In addition to navigating from the command line you will also need a rudimentary understanding of how to
create and execute a shell script.
This Guide may take a little bit to get through, but if you know most of the contents in this document you will be
well served.
(top)
Definitions
Terminal Emulator – A terminal emulator is a program that makes your computer act like an old fashion
computer terminal. When running inside a graphical environment it is often called a “terminal window”,
“terminal”, “term”, or “shell” (although it is actually not a shell – read on).
I will refer to a “Terminal Emulator” as “Terminal” in this document.
Shell – A shell is a program that acts as a command language interpreter that executes the commands sent to it
from the keyboard or a file. It is not part of the operating system kernel, but acts to pass commands to the
kernel and receives the output from those commands.
When you run a Terminal Emulator from a graphical interface a shell is generally run from within the
Terminal so your interaction is with the shell and the Terminal simply presents a place for the shell to
run in the graphical interface.
Script (shell script) – When commands are written into a text file to be sent to the shell it is called a script.
Scripts are very useful inside NMRbox because they give a written record of how you processed or
analyzed your data.
BASH (Bourne again shell) – The most common shell in use today and the one primarily used in NMRbox. This
document is written with the assumption that you are using bash version 4. Bash is both a command line
interpreter and a programming language which makes it powerful as a scripting language.
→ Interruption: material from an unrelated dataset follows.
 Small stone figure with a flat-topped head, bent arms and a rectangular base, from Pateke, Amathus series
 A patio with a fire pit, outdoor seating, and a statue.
CSH (C shell) – Another shell that was much more common in the past. The C shell and its related shell, tcsh, are
installed in NMRbox, however, we encourage everyone to stay with the bash shell as their default shell and all
the configurations inside NMRbox are designed for the bash shell.
NMRPipe and CNS are two programs that are typically run in a C-shell. However, they will generally run
fine in bash. In addition, if the first line of your NMRPipe or CNS script is “#! /bin/csh” than the script will
run as a C-shell script even though it is launched from a bash shell.
Prompt (shell prompt) – Often called the command line is where one types commands in the shell. When a
program is run from the shell prompt the prompt will be inaccessible until the program ends unless the program
is run in the background.
In this document examples are written in Courier New bold and prompts are shown as “$> “
(top)
Special Characters
There are many special characters in Bash and it is very important to have a strong understanding of how they
work to be proficient at using Bash. In the table below column 1 is the character, column 2 is the description and
example, and column 3 is whether the special character is typically used from the terminal (T), inside scripts (S),
or both (T/S).
; Separates commands entered on a single line. T/S
$> ls; pwd; echo ‘hello’
& When placed at the end of a command will run the command in the background and T
returns prompt immediately.
$> ./process.com &
$>
| Called a “pipe” takes the output from one command and “pipes” it into the input for T/S
the next command
$> cat file.txt | wc –l
|| Runs the next command only if the first command fails. Nice to add to scripts when S
you want the script to exit if a command fails
$> cd nmrdata || echo ‘change dir failed’; exit
# Comment. Everything after # is ignored. S
\ Indicates that the command is continued on the next line. Nice when writing scripts S
with very long lines to make them more readable
nmrPipe –in test.in \
| nmrPipe –fn FT \
| nmrPipe –out test.out
(in this example the whole things is considered a single line to the shell)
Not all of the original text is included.